- [Your goal]
An exact copy is needed of the lines in the entries below from the line with "В мясе есть" up to and including the line with "Tim and Max", and of nothing else. Leave the pictures out.

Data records
• • • • • • •

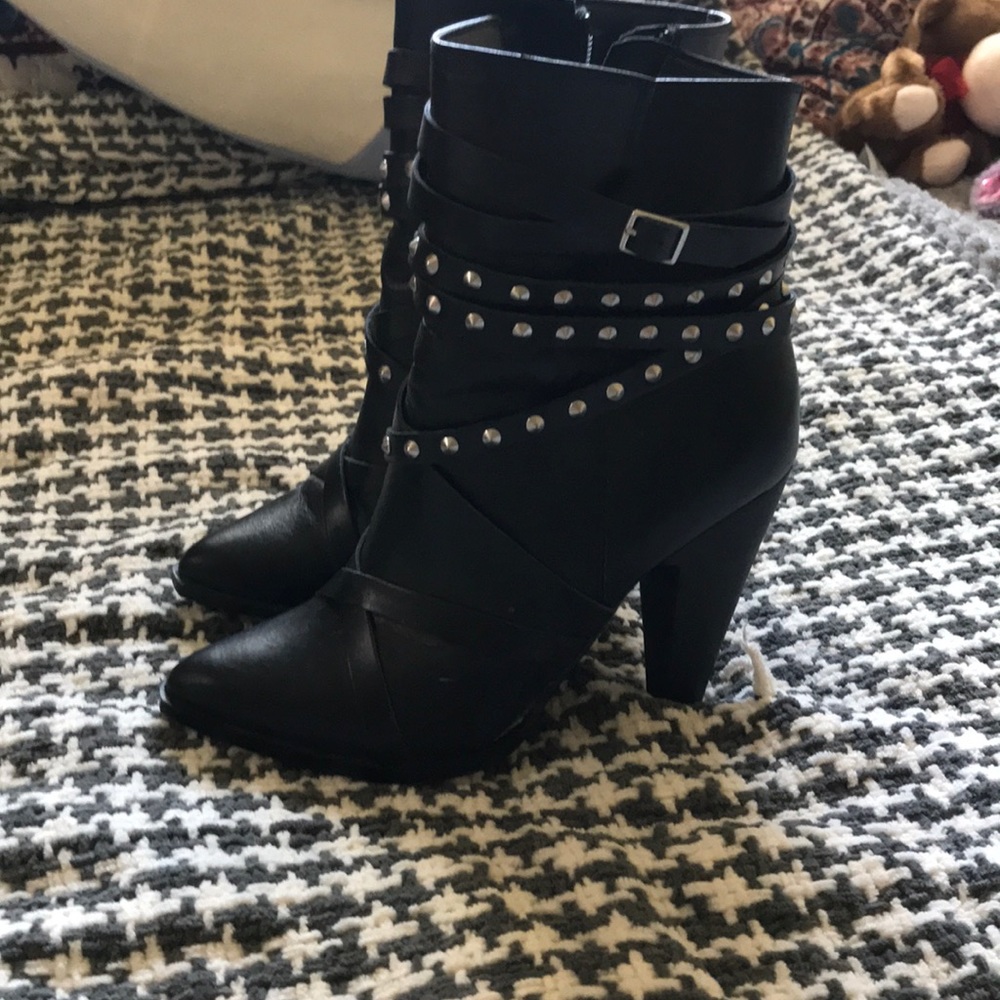 Black rock booties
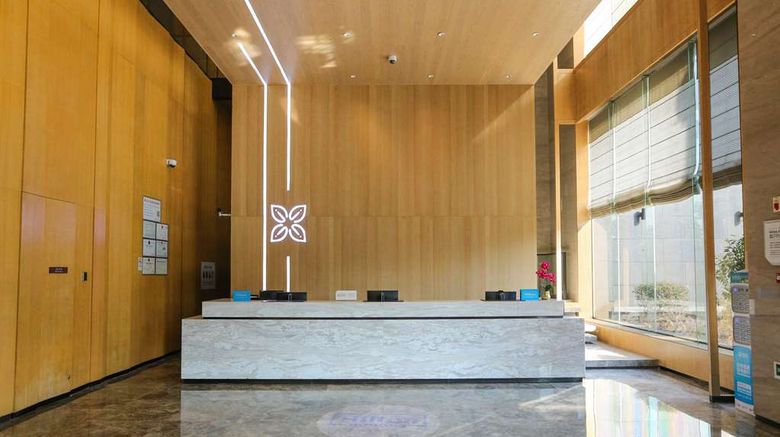 <b>Hilton Garden Inn Foshan Lobby</b>. Images powered by <a href="https://iceportal.shijigroup.com/" title="IcePortal" target="_blank">IcePortal</a>.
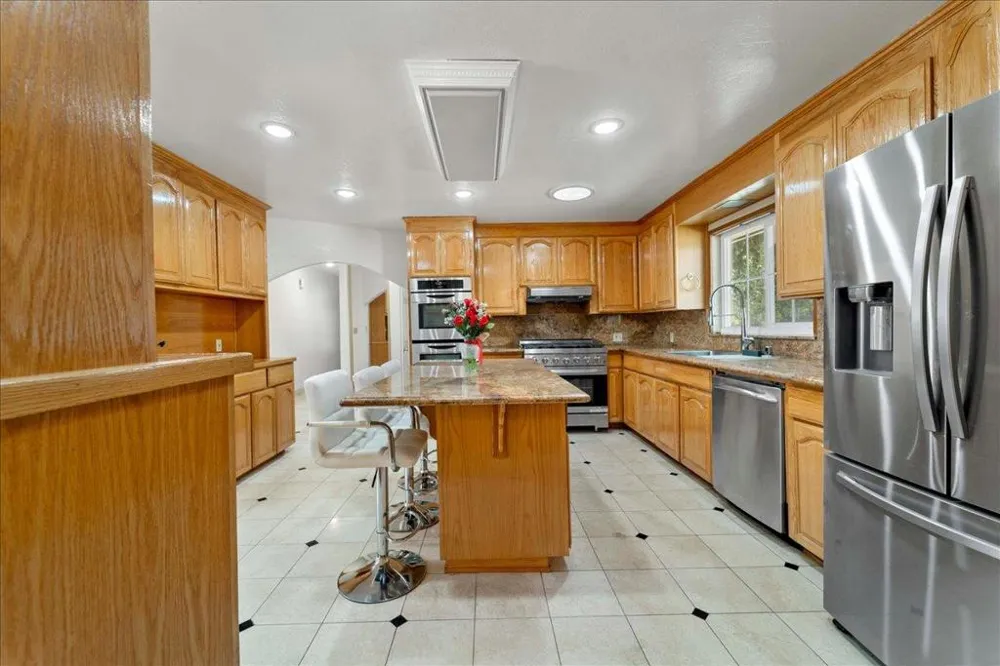 2099 Emory Street San Jose, CA 95128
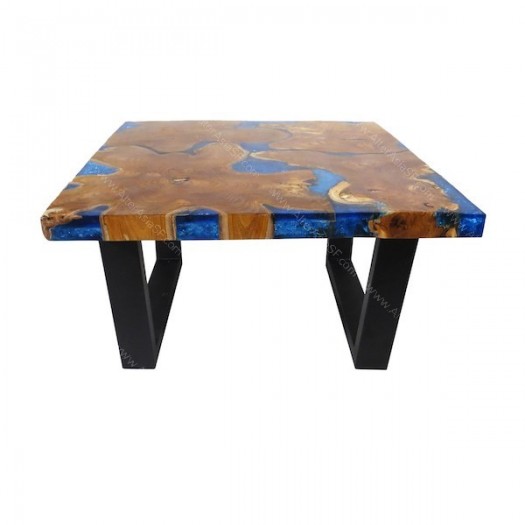 Mesa baja teca y resina azul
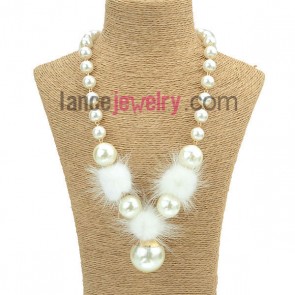 Elegant sweater chain with platic imitation pearl beads 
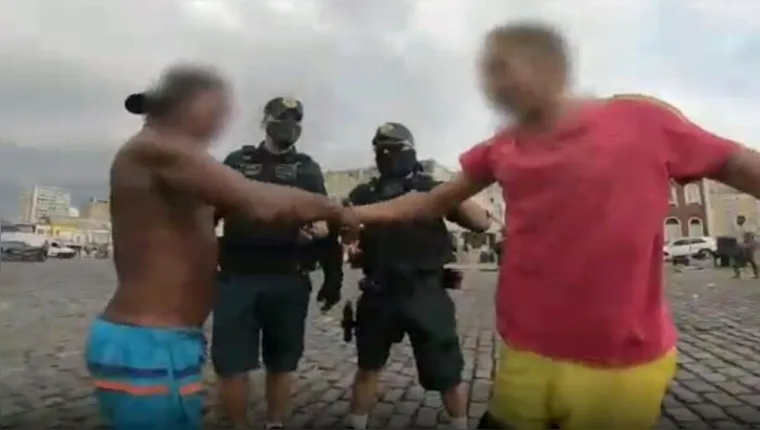 Imagem ilustrativa da notícia Vídeo: PM obriga brigões a se abraçarem no Ver-O-Peso 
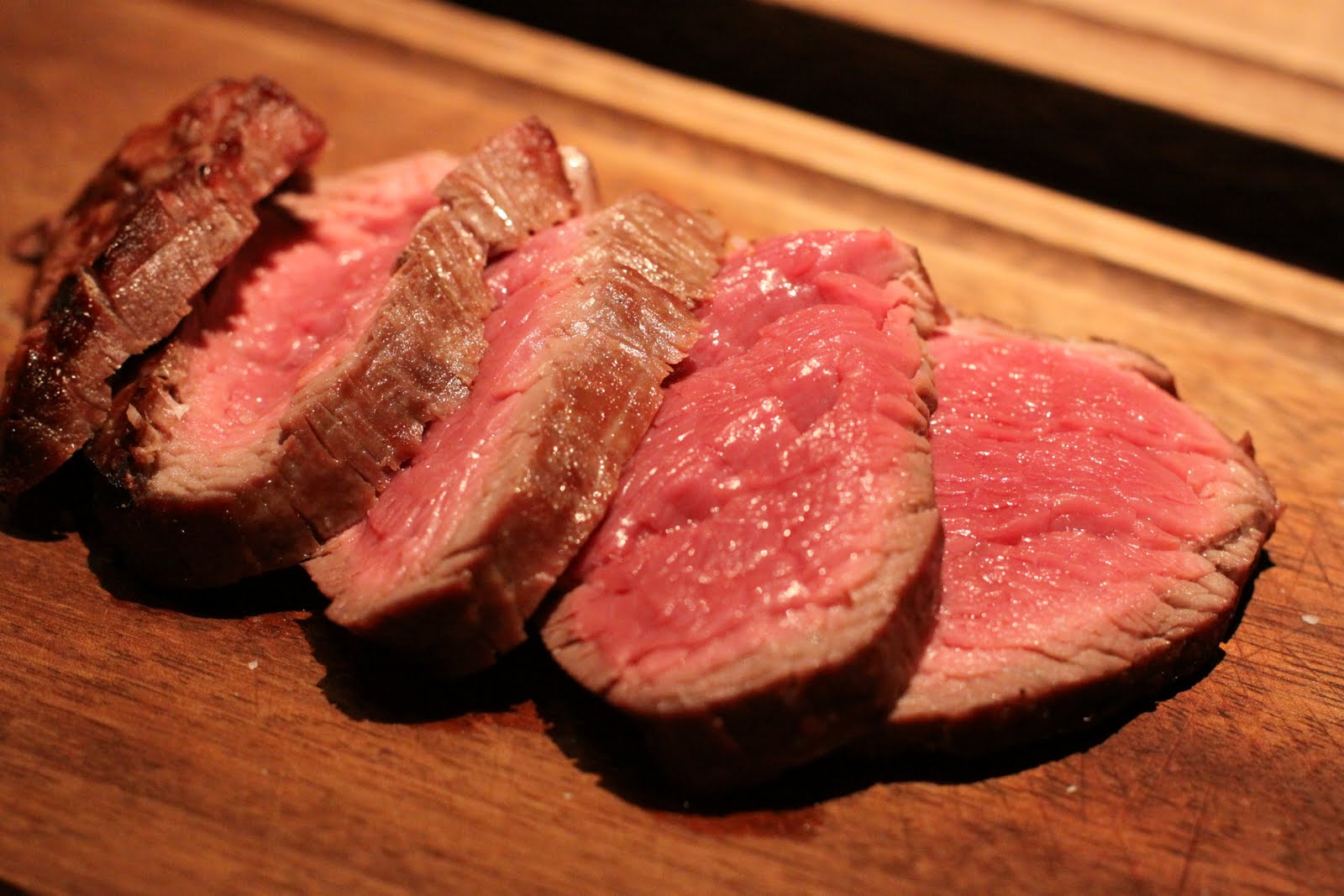 В мясе есть кровь. Полусырое мясо. Мясо стейк.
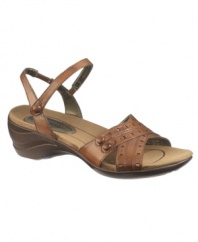 Spend all day in search of adventure with the stylish comfort of the Vevay sandals by Hush Puppies.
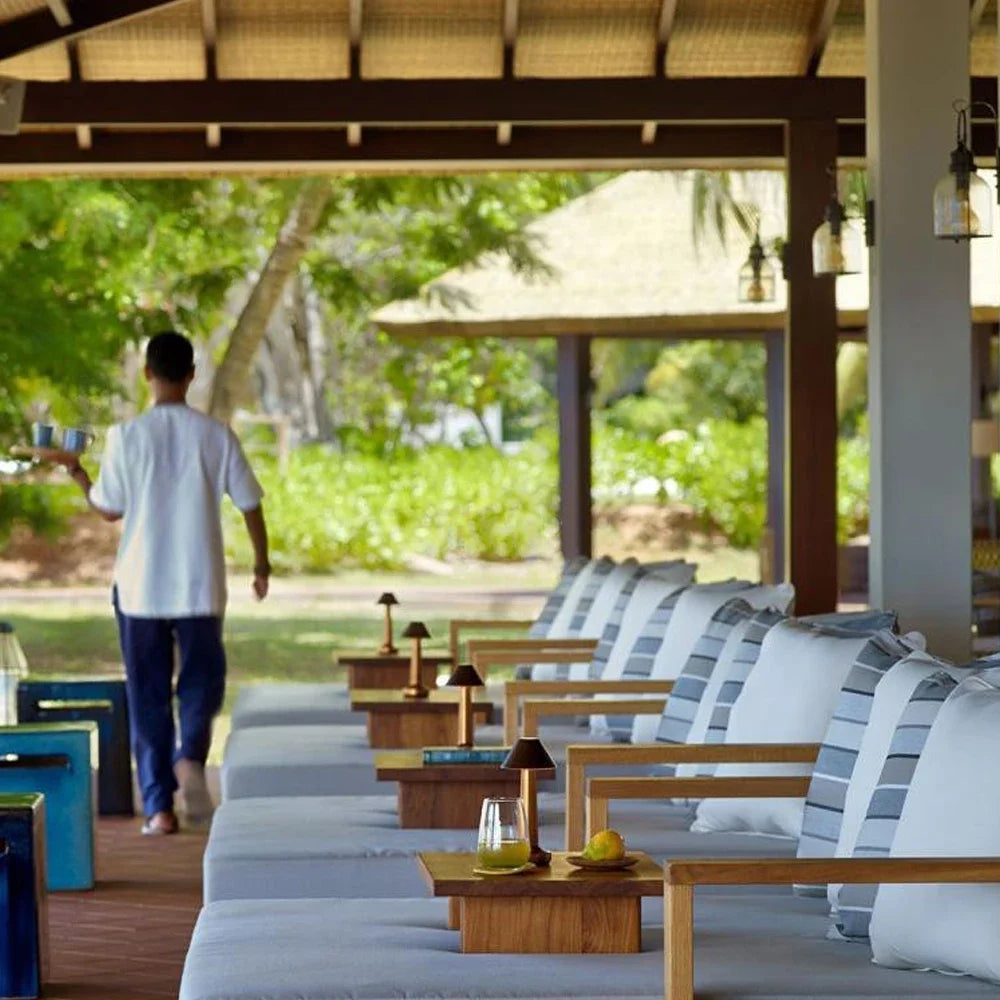 LED Table Light Metal Touch Desktop Decorative Lamp Rechargeable Night Lights For Bar Coffee Table Restaurant Decoration Light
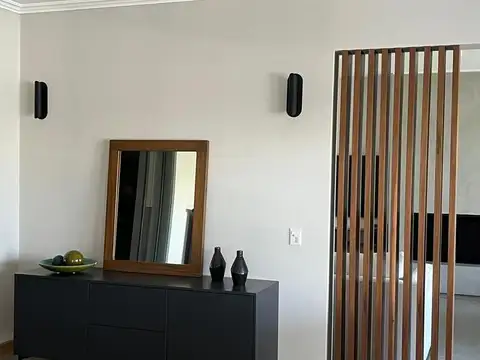 Casa en Alquiler con 2 cocheras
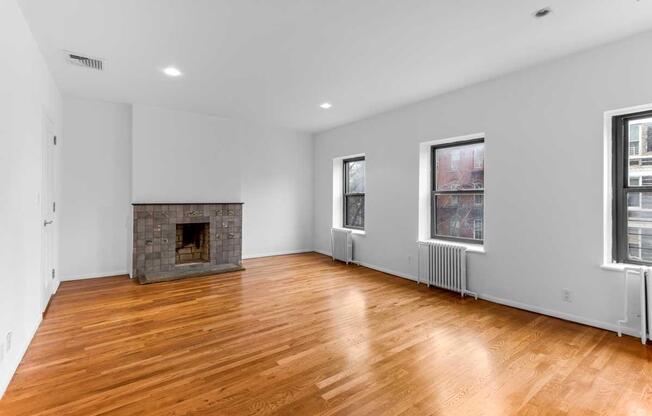 106 S ELLIOTT PL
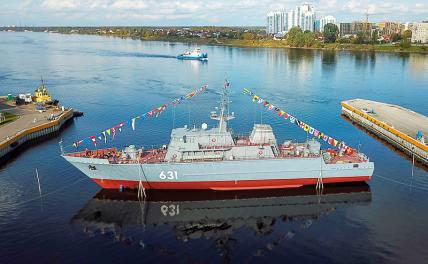 На фото: корабль противоминной обороны проекта 12700 "Георгий Курбатов" после спуска на воду на Средне-Невском судостроительном заводе.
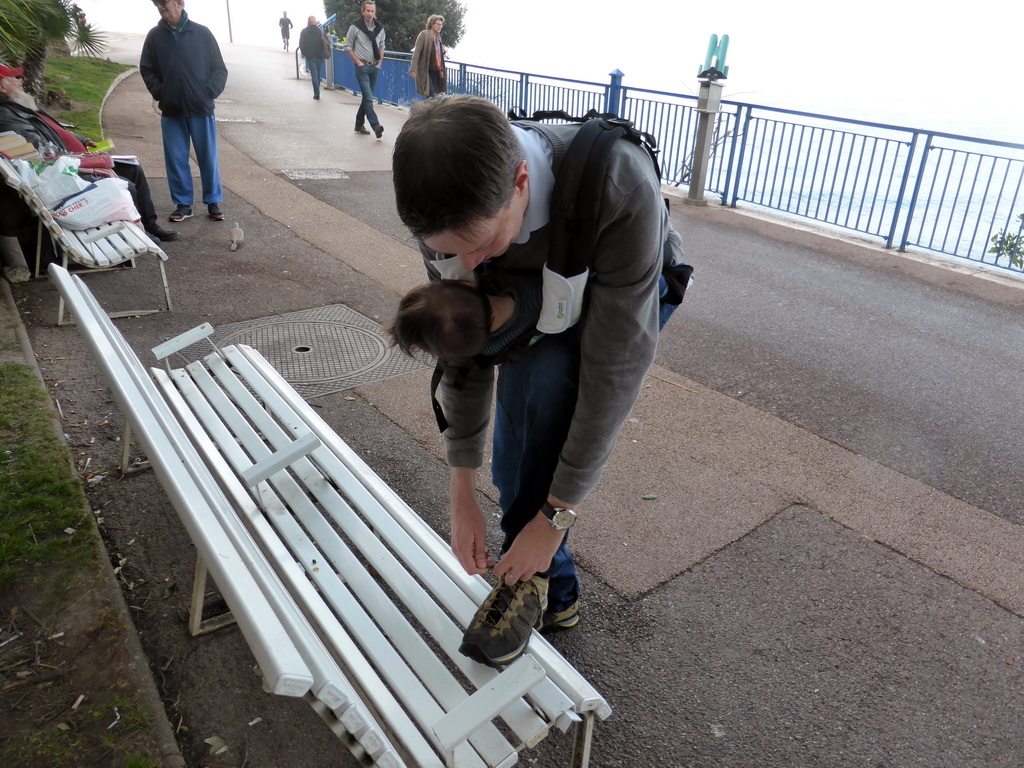 Tim and Max at a bench at the Promenade Côtière at the Quai Rauba-Capeù road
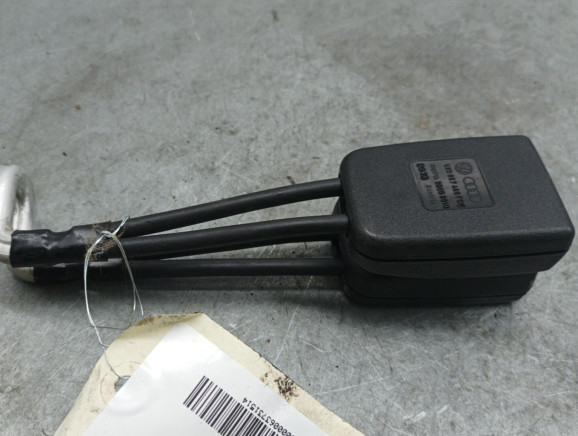 Attache ceinture arriere droit VOLKSWAGEN LUPO Photo n°1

• • • • • • •

- [Exercise solution]
 В мясе есть кровь. Полусырое мясо. Мясо стейк.
 Spend all day in search of adventure with the stylish comfort of the Vevay sandals by Hush Puppies.
 LED Table Light Metal Touch Desktop Decorative Lamp Rechargeable Night Lights For Bar Coffee Table Restaurant Decoration Light
 Casa en Alquiler con 2 cocheras
 106 S ELLIOTT PL
 На фото: корабль противоминной обороны проекта 12700 "Георгий Курбатов" после спуска на воду на Средне-Невском судостроительном заводе.
 Tim and Max at a bench at the Promenade Côtière at the Quai Rauba-Capeù road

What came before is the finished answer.